A potentiometer is a manually adjustable electrical resistor that uses three terminals. It is a simple electro-mechanical transducer. It converts rotary or linear motion from the operator into a change of resistance, and this change is used to control the levels of output. It is sometimes known as POTS.
For example, in a loudspeaker, a potentiometer is used to adjust the volume. In a television set, computer monitor or light dimmer, it can be used to control the brightness of the screen or light bulb.
WORKING OF A POTENTIOMETER
In a potentiometer an electrically conductive wiper slides across a fixed resistive element.
One terminal of the potentiometer is connected to a power source, and another is hooked up to a ground — a point with no voltage or resistance and which serves as a neutral reference point. The third terminal slides across a strip of resistive material. This resistive strip generally has a low resistance at one end, and its resistance gradually increases to a maximum resistance at the other end. The third terminal serves as the connection between the power source and ground, and it usually is operated by the user through the use of a knob or lever.
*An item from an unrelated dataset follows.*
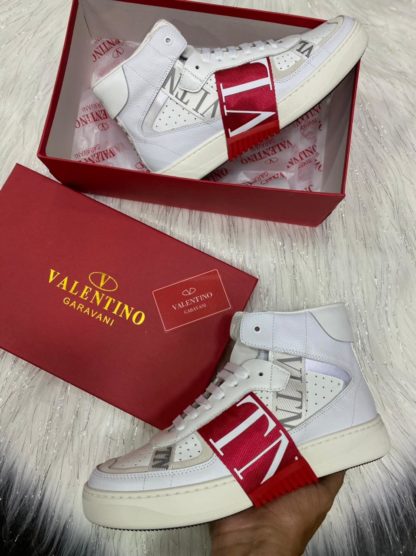 valentino 1.1 rojas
The user can adjust the position of the third terminal along the resistive strip to manually increase or decrease resistance. The amount of resistance determines how much current flows through a circuit.The output voltage is proportional to the distance travelled.
TYPES OF POTENTIOMETER
There are two types of potentiometer, linear and rotary potentiometer.
The linear potentiometer has a slide or wiper. The rotary potentiometer can be a single turn or multi turn.
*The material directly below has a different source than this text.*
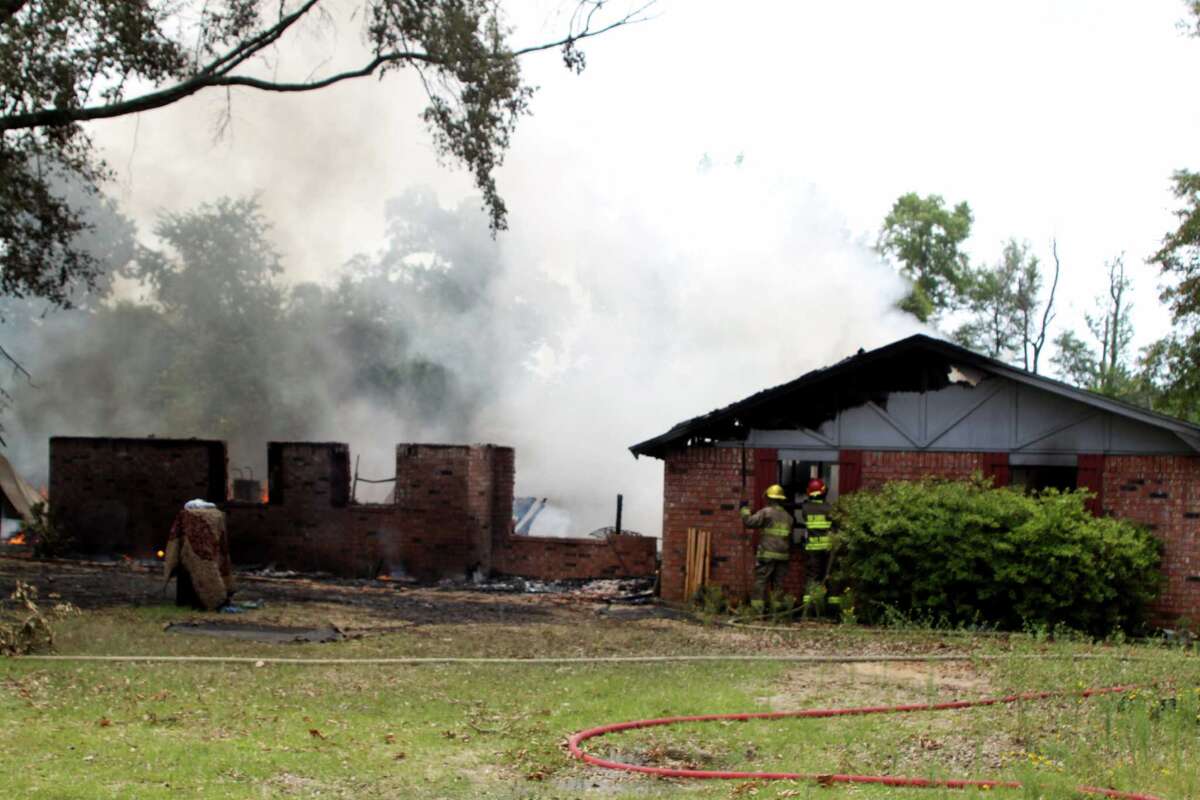 Fire destroys Silsbee home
A digital potentiometer adjusts and trims electronic circuits similar to variable resistors, rheostats and mechanical potentiometers. Sometimes called digital POT, RDAC, or digipot, these compact devices can be used to calibrate system tolerances or dynamically control system parameters.
The parameters while selecting a potentiometer:
•Shock and vibration
•Contamination and seals
•Easy to use
•High amplitude output
•Linear displacement measurement
•Rotary displacement measurement
•Liquid level measurements using floats
POTENTIOMETER Vs RHEOSTAT
Technically, a variable resistor is known as a rheostat, but potentiometers can be made to function as rheostats quite easily.
In its simplest configuration, a potentiometer may be used as a rheostat by simply using the wiper terminal and one of the other terminals, the third terminal left unconnected and unused. When only two of the three terminals are used, the potentiometer acts as a type of variable resistor. One end terminal is used, along with the sliding terminal.
Rheostats typically are used to handle higher levels of current or higher voltage than potentiometers. For example, rheostats might be used to control motors in industrial machinery.